Fra le 4 entrées spicca la terrina di canocchie crude con pomodori confit ai tre pesti, ormai un classico della casa (22 euro). Nel bicchiere chiama lo iodio di un Riesling o di un Sauvignon, ad esempio Ghiaia di Monte, per riequilibrare la bassa sapidità del pesce dell’Alto Adriatico con il retaggio dei terreni morenici. Come i primi, anche i secondi fra cui pescare sono 5. A risaltare è la lombatina di agnello con ostriche, bietoline e Carignano in Anfora di Gabrio Bini (32 euro), dove la sapidità del pasto degli agnelli si esalta nell’eco iodato del coquillage, per poi scontrarsi con un pezzo di scoglio del Mediterraneo, nei sentori di capperi, acciughe e macchia (32 euro).
Mentre la fantasia esplode ai dolci, dove la cassatina di pomodori verdi con gel al pepe verde e sciroppo al lime e coriandolo fornisce una materializzazione fedele del Recioto di Soave I Capitelli 1996, grazie alla sinergia fra Pierluigi e Marco (12 euro). Anche se nel bicchiere scivola un Vinsanto Trentino di Francesco Poli del medesimo anno: al naso una mostarda di pomodori verdi, acidità su acidità.
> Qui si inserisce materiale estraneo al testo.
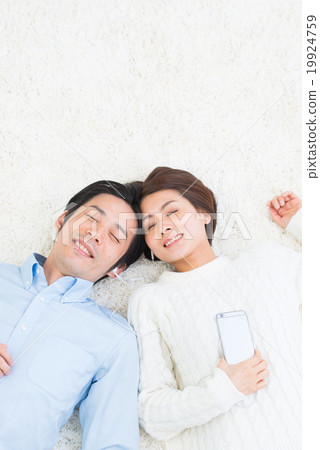 躺下困年輕夫婦的生活方式 19924759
Il coperto, comprensivo di pane fatto in casa, è di 5 euro.
Un po’ diversa l’offerta al Wine bar, che propone un’ampia selezione di salumi e formaggi (i piatti misti, dove brillano autentiche chicche, costano 15 euro), carni allo spiedo e alla griglia (il filetto a 20 euro), ma anche piatti fumanti che escono dalla cucina della casa madre, a un prezzo un po’ più contenuto, e altre specialità, come la misticanza (5 euro) e l’insalata di mazzancolle al vapore con pompelmo rosa (16 euro). L’offerta, compresi i piatti del giorno, viene vergata ogni mattina da Pierluigi su una lavagna, che poi gira fra i tavoli. Il coperto è di 2,5 euro.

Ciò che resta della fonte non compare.